Bosnian Muslim military figures have already been tried and condemned in Bosnia for crimes committed during the inter-ethnic conflict, but none of them had Oric's aura or importance.
"The proceedings against Oric are very sensitive," said Erna Mackic, a journalist specialised in war crimes cases.
"Whatever the judgement is, it will be strongly criticised by one of the parties that will be unhappy," she told AFP.
Acquitted in The Hague
For years, perpetrators in the most serious cases were tried by the Hague-based UN tribunal set up after the 1990s conflicts in former Yugoslavia. Those judges overwhelmingly convicted Serbs in the Bosnian war: 52 in total, compared to 17 Croats and six Bosnian Muslims, according to a count by local media.
But with the UN tribunal officially wound up in December 2017, local courts have been left to carry on the work.
In 2008 he was acquitted on appeal by the UN war crimes court on charges of not doing enough to protect Serb prisoners of war.
Unhappy with the verdict, Belgrade in 2014 launched an international warrant, which eventually saw him extradited to his home country to face the current charges against him.
His subsequent acquittal in October 2017 outraged Serb victims' groups.
A retrial was ordered for procedural reasons and the verdict, bound to be controversial, will be delivered on Friday.
Oric's troops resisted a more than three-year-long the siege of Srebrenica by Bosnian Serb military chief Ratko Mladic's troops.
But while Oric left the ill-fated town along with some of his officers for a meeting in Sarajevo, the UN-protected Muslim enclave was captured in July 1995.
Serb forces slaughtered more than 8,000 Muslim men and boys in the days that followed Srebrenica's fall.
The atrocity was deemed genocide by the international justice.

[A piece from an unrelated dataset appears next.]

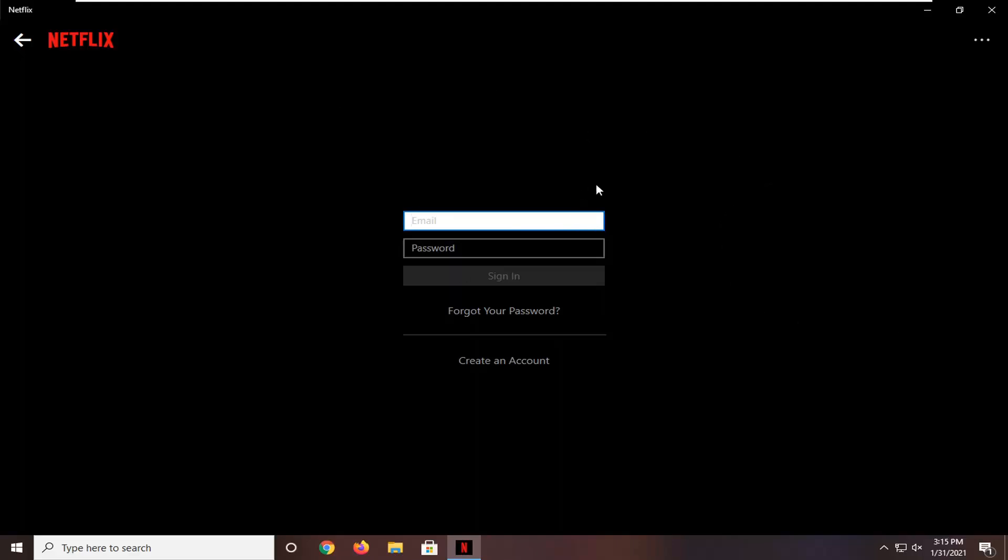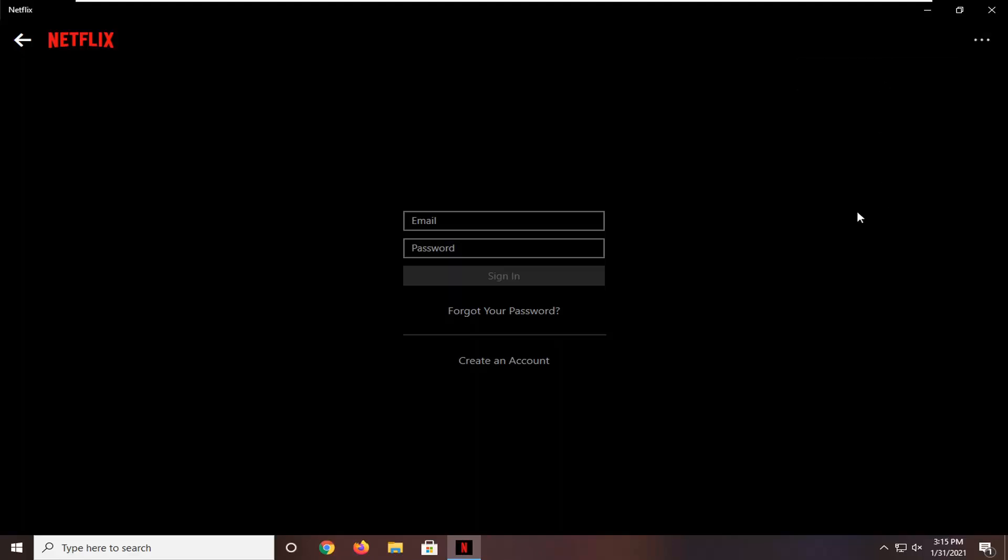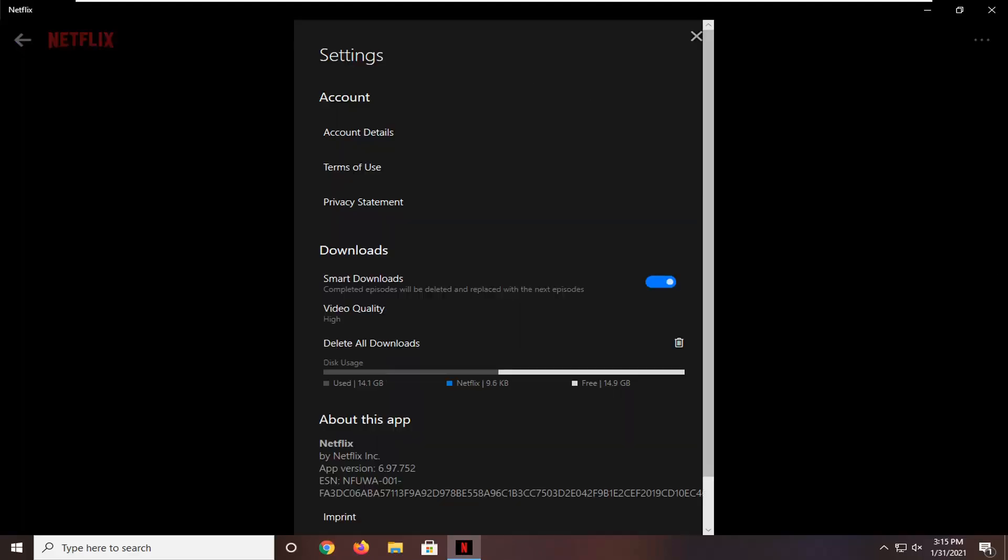Once you're on the Netflix page, select the three horizontal dotted icon near the top right corner of the page. There might be two options presented under there. You want to select the second option—you'll see two different black bars, and you want to select the second one on this page.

The UN court last year sentenced Mladic to life imprisonment including for the Srebrenica massacre while Bosnian Serb wartime political leader Radovan Karadzic was sentenced to 40 years in jail.
Nearly 2,500 Serbs killed
But many ethnic Serbs perceive Oric as a "butcher" responsible for crimes during attacks on their villages in the Srebrenica area to drive them out of their homes.
Victims groups estimate that 2,428 Serb soldiers and civilians were killed in the area during the war.
Some see the condemnation of Oric as essential for reconciliation in Bosnia.
But for Bosnian Muslim mother Kada Hotic, from an association of Srebrenica women, such a verdict would be a "shame and insult for (Muslim) victims."
Her son, husband and two brothers were killed in the 1995 massacre.
"The Serbs want Naser Oric to be condemned, believing that his condemnation could alleviate (their guilt for) the genocide that they committed in Srebrenica," she said.
The Balkan country remains deeply along ethnic lines. Half of its population of 3.5 million are Muslims, while ethnic Serbs and Croats make about 30 and 15 percent respectively.
After the war Oric kept a low profile, while his name sometimes appeared in local media being linked with alleged criminal activities.
In 2009 he was sentenced to two years in jail for arms possession, but was granted a presidential pardon.
A passionate hunter and bodybuilder the 51-year-old is often presented as a businessman in the media.
In a rare television appearance in 2013 Oric said he was raising cattle in the mountains.
If Oric and Muhic are convicted they can appeal but if they are acquitted the case would be closed.